Data were analysed with MATLAB (The Mathworks, Natick, MA). Images were corrected for motion using TurboReg61. Regions of interest (ROI) were identified using morphometric filters62. Neurons that were active during the acquisition session were identified by local correlation of 3 × pixels through time. Correlation threshold was set at 0.95 to select active neurons. The baseline-subtracted dF/F0 was calculated for each ROI using the average across pixels corresponding to that ROI63. The time courses were deconvolved to infer underlying firing rates64. A method based on constrained nonnegative matrix factorization was used to model calcium transients, from which the count of transients was calculated32. For electrophysiological data, raw signals were high-pass filtered (0.8–5 kHz) for spike detection. Spike sorting was done semi-automatically for each probe shank using KlustaKwik followed by manual adjustment65. Clusters with clear refractory periods and stable features through time were included for further analysis.

Place field analysis

Place fields in imaging experiments were identified based on the deconvolved time courses. The 150-cm track was divided into 100 position intervals (bins) The activity was then averaged over the position bins. The results were normalized by the occupancy (i.e., divided by the number of samples) in each position bin. Neurons with mean position activity <0.03% dF/F s−1 were excluded from following analysis. Data were filtered with a Gaussian smoothing window with 4.5 cm s.d. width and lap-to-lap position activity maps were generated. Position activity maps were averaged across trials to obtain position tuning curves. We implemented two approaches to identify place cells: one was based on place field definition and the other used spatial information (SI). First, criteria for place cell selection were adapted from previous literature30, 33. Briefly, each place cell had to satisfy the following criteria: (1) Initial threshold was set at 30% of the difference between highest and lowest activity of the position tuning curve. Place fields must be a continuous region with minimum 15 cm width and maximum 120 cm width. (2) The mean in-field activity must be at least three times larger than the mean out-of-field activity. (3) The peaks of the position activity map across trials must be within the potential field for at least one-third of all trials. Neurons that met these criteria were selected as potential place cells. We also used SI criteria to select place cells66. SI was calculated as follows:

$${\rm{SI}} = \mathop {\sum}\limits_{i{\rm{ = 1}}}^N {{p_i}\frac{{{f_i}}}{f}{\rm{lo}}{{\rm{g}}_2}\frac{{{f_i}}}{f}} $$

where p i is the occupancy probability in the i-th bin; f i is the activity in the i-th bin (summed activity in that bin divided by the occupancy in that bin); f is the overall activity (summed f i across all bins); and N is the total number of bins. Then the time courses were shifted circularly by a random time interval. This process was repeated 1000 times and the distribution of the shuffled SI was constructed. If the original SI was higher than 95 percentile of the shuffled SI, the neuron was considered as significantly spatially tuned. Place-field width was calculated from the number of consecutive position bins in which the mean activity exceeded 20% of the difference between peak and baseline activity. Field widths below 15 cm or above 120 cm were discarded. To confirm that combining datasets from multiple sessions of each animal does not influence the results, we redid the analysis selecting only one dataset from each animal and repeated the same quantification as shown in Fig. 4. The results were comparable to that by combining data sets.

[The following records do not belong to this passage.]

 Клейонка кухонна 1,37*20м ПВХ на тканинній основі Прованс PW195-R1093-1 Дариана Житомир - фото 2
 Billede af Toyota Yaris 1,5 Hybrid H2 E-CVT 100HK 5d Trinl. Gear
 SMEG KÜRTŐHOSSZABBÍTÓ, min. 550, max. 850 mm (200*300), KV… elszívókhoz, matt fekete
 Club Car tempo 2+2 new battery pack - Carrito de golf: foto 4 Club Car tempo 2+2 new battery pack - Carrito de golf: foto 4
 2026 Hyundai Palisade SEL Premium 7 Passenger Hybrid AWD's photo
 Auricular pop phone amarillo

Population vector analysis

Activity in the position maps was normalized so that the activity of each cell ranged between 0 and 1. For each session, a population vector was constructed using the occupancy-normalized trial-averaged activity of all place cells at each position bin. The population vector correlation matrix was calculated using the pairwise Pearson’s linear correlation coefficient between each pair of columns (population vector at each position bin) in two population vector matrices35.

Data availability

All data reported in this study are available from the corresponding authors upon request.